Ocaso neoliberal à vista sob a ação dos caminhoneiros, por J. Carlos de Assis

Cintia Alves
Cintia Alves é graduada em jornalismo (2012) e pós-graduada em Gestão de Mídias Digitais (2018). Certificada em treinamento executivo para jornalistas (2023) pela Craig Newmark Graduate School of Journalism, da CUNY (The City University of New York). É editora e atua no Jornal GGN desde 2014.
[email protected]

Por J. Carlos de Assis

Estava em Bonn, na  Alemanha, em 1985, quando se realizava a conferência dos sete grandes sob a irresistível liderança de Ronald Reagan e Margarett Thatcher. Ao ler o comunicado final me dei conta de que, para os líderes ocidentais, ali morria a social democracia europeia e ascendia com força o neoliberalismo. Como em conferência desse tipo, dominava a cobertura política. E os jornalistas políticos, pelo que percebi, não entenderam absolutamente nada do que estava acontecendo. Seu foco era o conflito EUA/URSS.

Talvez pelo fato de ser economista me foi mais fácil entender os códigos. Pensei comigo mesmo: isso não demora  muito a chegar ao Brasil. Chegou pela mão caótica de Collor de Mello e de sua equipe atabalhoada. Ao interregno moderado e prudente de Itamar, sucedeu um pretensioso e arrogante Fernando Henrique Cardoso, que decidiu enterrara os ganhos sociais da era Vargas. Veio então Lula, com sua política de conciliação bailando entre favorecimento  dos pobres e favorecimento a neoliberais por Palocci e Meirelles.

Com essas idas e vindas da economia política brasileira, podia-se prever, em algum momento, uma conciliação. Mas vieram Temer, Meirelles, Moreira, Padilha, Geddel. Trouxeram um pacote de medidas, pós-impeachment, denominado Ponte para o Futuro, que radicalizou as posições neoliberais. Desconheço a existência de algo parecido na história da civilização: é a completa desmontagem de políticas sociais brasileiras de sete décadas, algumas já efetivadas, como a reforma trabalhista, e outras em perspectiva, como a da Previdência.

Como  entender essa estupidez que levará necessariamente a uma reversão desse processo infame, já que só um idiota imaginaria que a sociedade toleraria essas medidas indefinidamente? De fato, bastou a ação de algumas centenas de  milhares de caminhoneiros, aliás bastante desorganizado, para pôr em cheque o regime. Notem: por trás da política dos preços do diesel está a Petrobrás, por  trás da Petrobrás está o Governo, por trás do Governo está o “mercado” – notadamente o “mercado” internacional de ações, ou o neoliberalismo.

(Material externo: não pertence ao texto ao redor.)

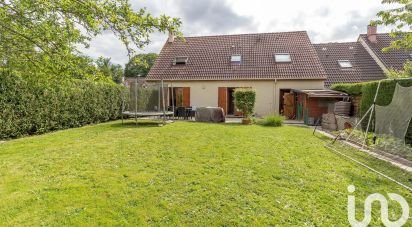 House 6 rooms of 137 m² in Montigny-le-Bretonneux (78180)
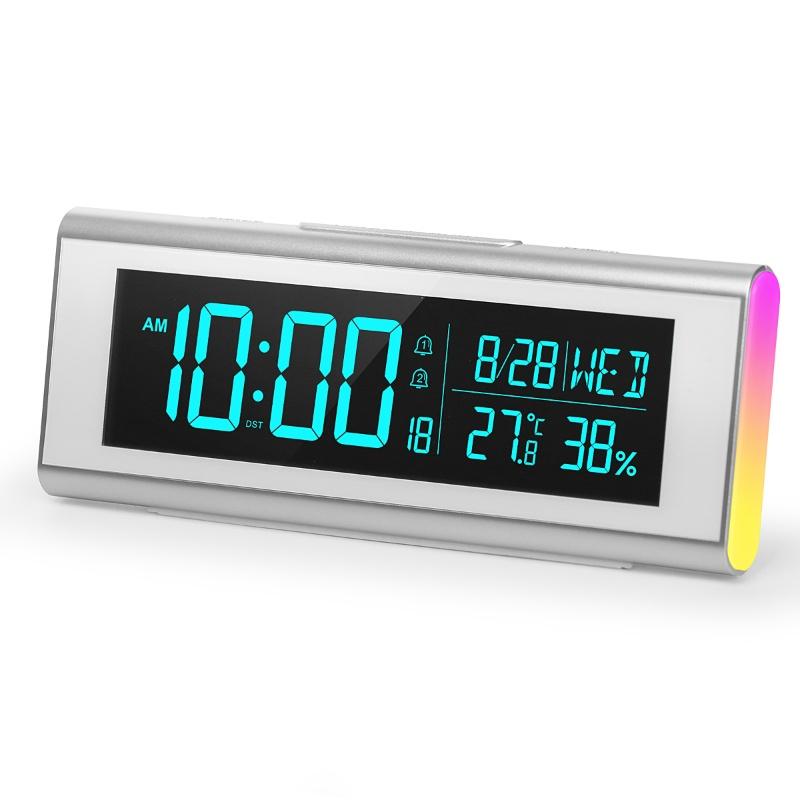 

70 Colors Digital Alarm Clock TEMP Humidity Date with 9 Colors RGB Mood Light 2 Alarm Snooze Table Clock 12/24H DST LED Clock серебряный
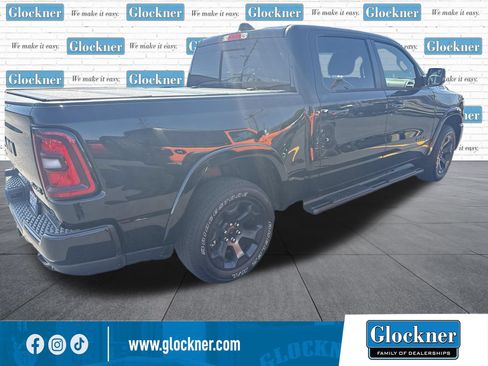 Used 2025 RAM 1500 Big Horn AWD/4WD image 5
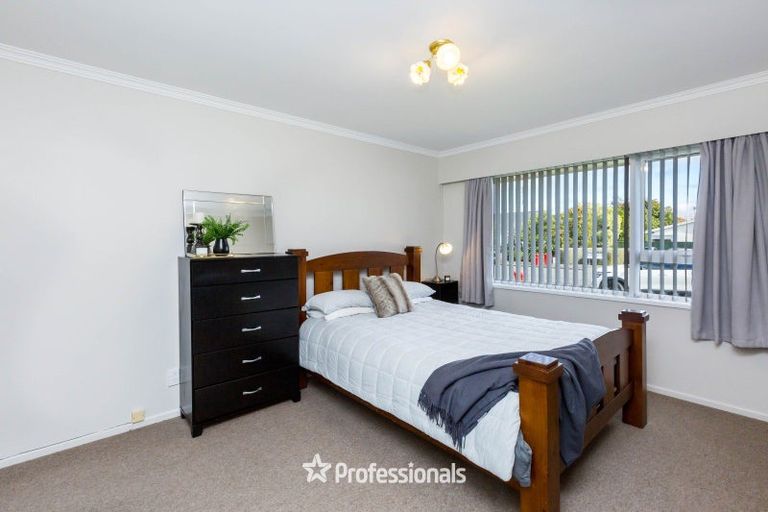 Photo of property in 2/6 Hay Street, Ebdentown, Upper Hutt, 5018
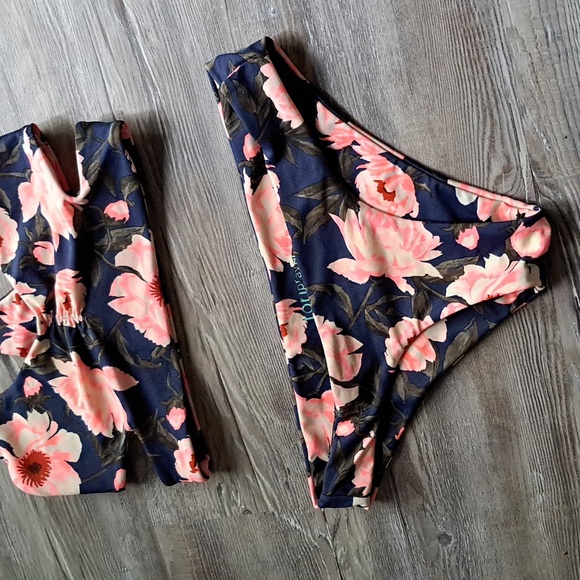 Anthropologie TORI PRAVER - Picture 3 of 3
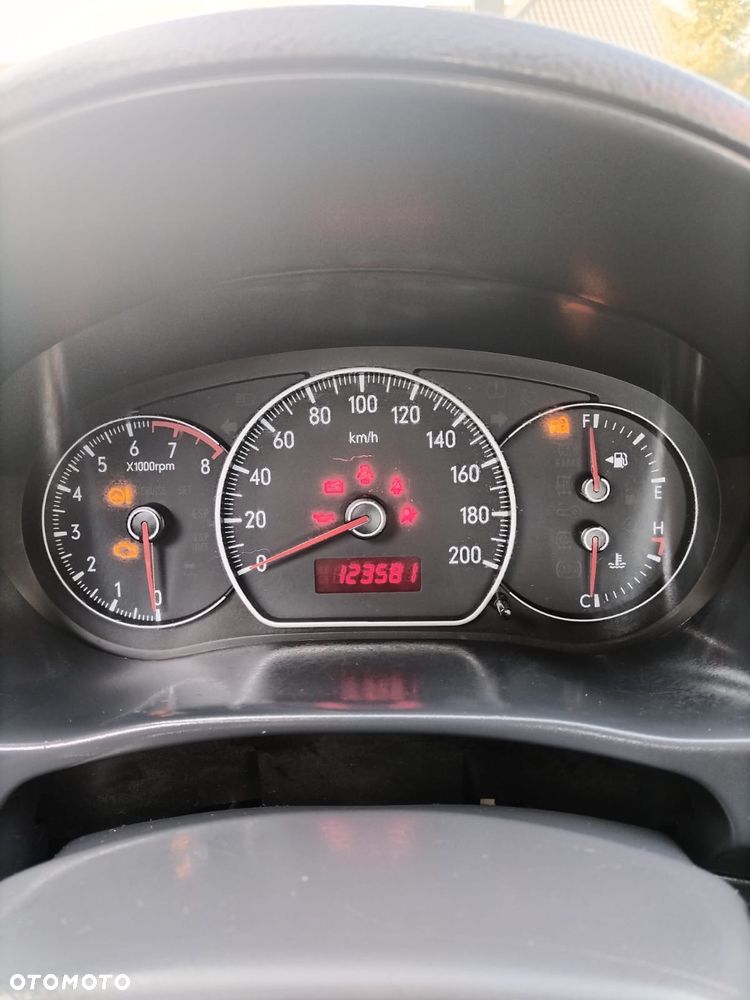 Suzuki SX4 1.6 GS / Premium - 10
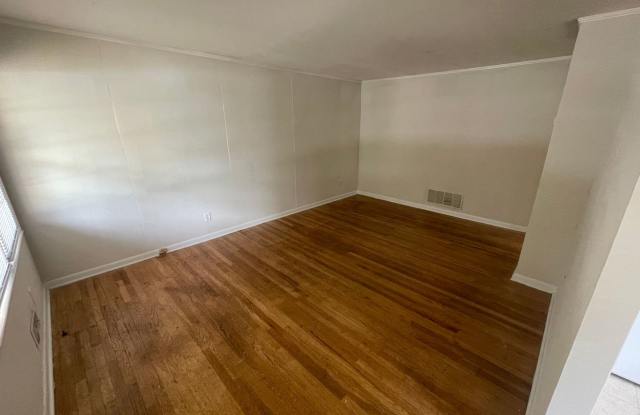 PRE-LEASING FOR AUGUST 9TH 2027! Gallery 4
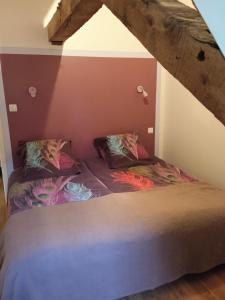 sypialnia z 2 łóżkami na poddaszu w obiekcie La Closerie de la Hérissière w mieście La Jaille-Yvon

Para atender ao “mercado” – essa entidade mítica que fala pela boca  das pitonisas da imprensa -, Pedro Parente pôs em risco o próprio regime. Ele está agarrado ao princípio de que os acionistas privados da Petrobrás tem absoluta prioridade nas decisões da empresa. Isso significa  que, sem ser vendida, a empresa já é dos privatistas. É estranho, porque, do ponto de vista formal, trata-se de companhia de economia mista sob controle estatal. Entretanto, seu presidente não responde ao Governo, mas, uma vez mais, ao que ele chama de “mercado”.

Vamos entender um pouco mais de “mercado”. Sou jornalista há mais de 40 anos e conheço os códigos também nisso. Na época em que era subeditor de Economia do JB, no fim dos anos  70, sob Paulo Henrique Amorim, jamais ouvi ou mandei que fosse ouvida a opinião de alguma analista ou operador de banco sobre política  financeira. Seguia rigorosamente o que observava John Kenneth Galbraith, um dos mais eminentes economistas do século XX: “não posso levar a sério opinião econômica de quem tem interesse próprio em jogo”.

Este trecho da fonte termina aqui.